Have any of you had formal music education?
Tuka: No, I haven’t actually. The three of us were best friends before we started making music, so we just learnt together and about 5 years deep we took on one of our best friends who is an extremely talented trumpet player and he’s had some formal training.
When did you first get into music?
Tuka: Basically, it was really organic, we live about 2 hours out of Sydney, which is the biggest city in Australia, it’s on the top of this mountain, it’s pretty isolated and for some reason hip hop was produced out of it, it wasn’t just us, heaps of different crews were doing their thing and we had a small venue up there that held like 200 people and we’d throw parties which would sell out. It was different when we moved out into the city. But it pretty much came out of a mutual love for hip hop music and so much so that we decided to start creating it ourselves.
Do you thinking growing up in Sydney instead of say London or New York has had an affect on your music?
Tuka: I think the isolation can definitely help foster a cool scene and not being susceptible to falling into trends and fads. It was really weird, there was a group called the ‘Hilltop Hoods’ in Australia who blew up at the same time as when we started doing it. I don’t know if that had anything to do with it but the isolation and because it snows up there it’s pretty cold so there’s nothing else to do other than being in door’s all the time and I think that definitely helped with writing songs and being inside and just jamming out music.
How does synaesthesia come into writing songs?
Tuka: When I hear a chord progression I can feel and see a colour and I associate a mood to the colour and then I know, kind of, what the song’s about. I know what the mood is.
What’s different now making this album compared to the last ones?
Tuka: Well, this is my 9th record I’m putting out. So, you definitely take something from every album. I reckon the most you learn are your mistakes. It sucks that I made the mistakes in the past but it’s also really good that I have made them already so I won’t do them again.
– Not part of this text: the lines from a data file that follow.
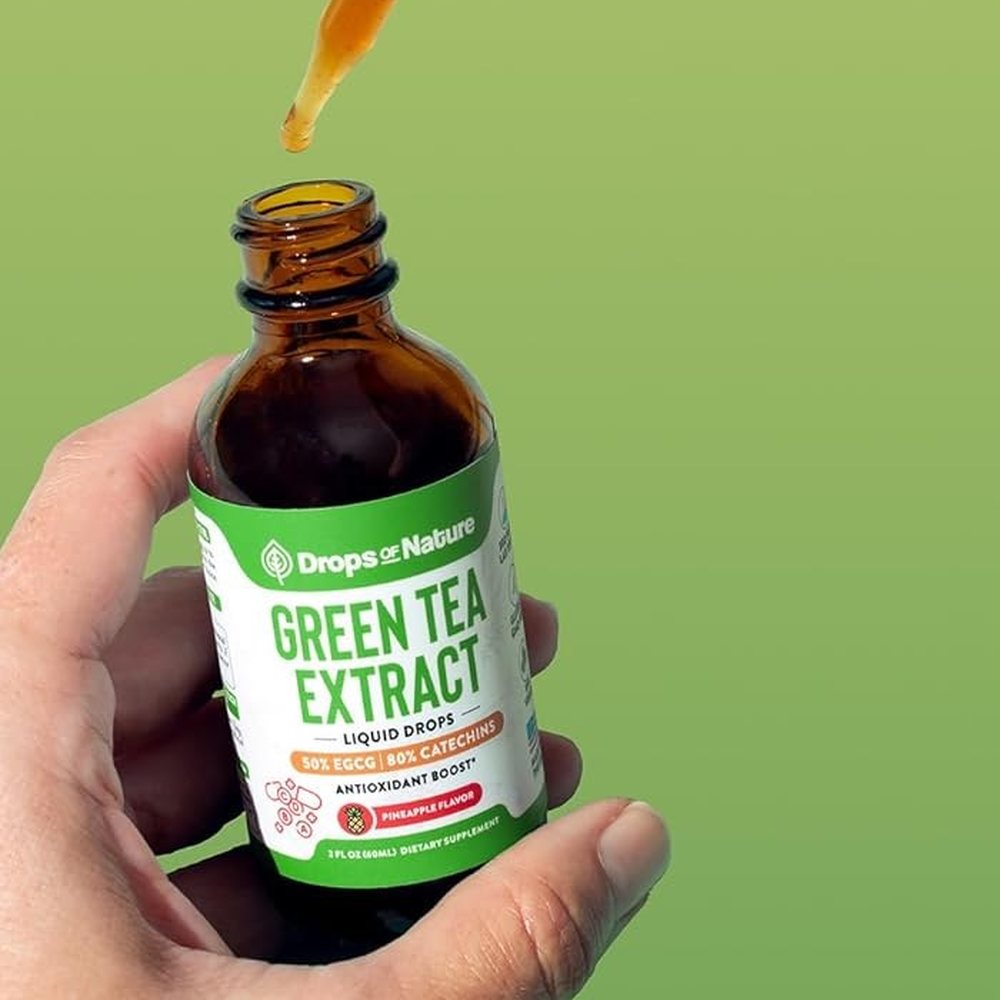 A hand holding a bottle of Green Tea Extract drops.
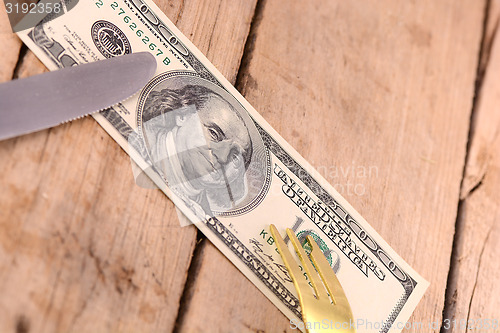 Image of american money on wooden plate with knife and fok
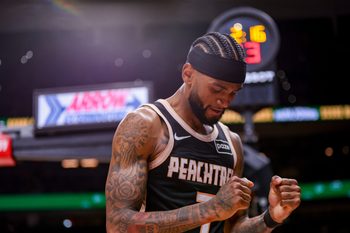 Nov 18, 2025; Atlanta, Georgia, USA; Atlanta Hawks guard Nickeil Alexander-Walker (7) reacts after a basket against the Detroit Pistons in the fourth quarter at State Farm Arena. Mandatory Credit: Brett Davis-Imagn Images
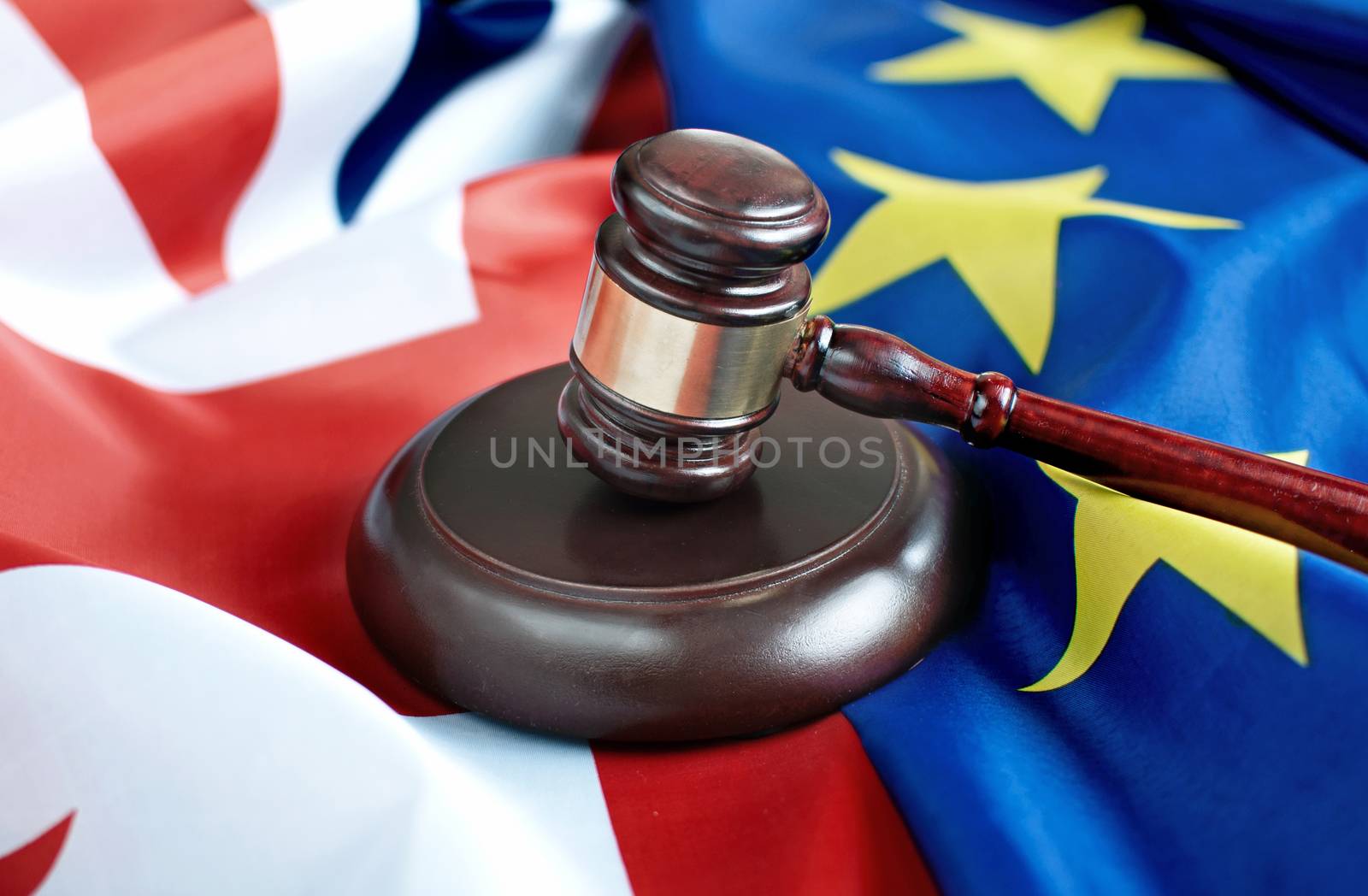 Gavel on top of British and European flags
What is the recording process like?
Tuka: Yeah, basically our writing process is super fluid in this band, we’ve got producers who literally just make hundreds of beats and once we gravitate towards a beat me and the other guy will basically just start the song on our own. We’ll have probably six songs each going and then we’ll swap. He’ll give me his bunch of songs he’s been working on and I’ll give him mine and we just go back and forth until everything’s kind of cohesive. And same with the beats. Once we know what the song is about we record a demo and we give them the vocals and they’ll work around it. At the end we all go in on the whole song together but to get a song started it’s usually thrown around.
Who would you say are your biggest influences for this album?
Tuka: This record in particular, Everyone We Know, it’s 15 tracks long and basically every song is about a person in my life or there’s another song writer, so a person in his life. The influences really go straight towards the people that we’re surrounded by.
How did you come up with the concept that is was going to be about different people in your life?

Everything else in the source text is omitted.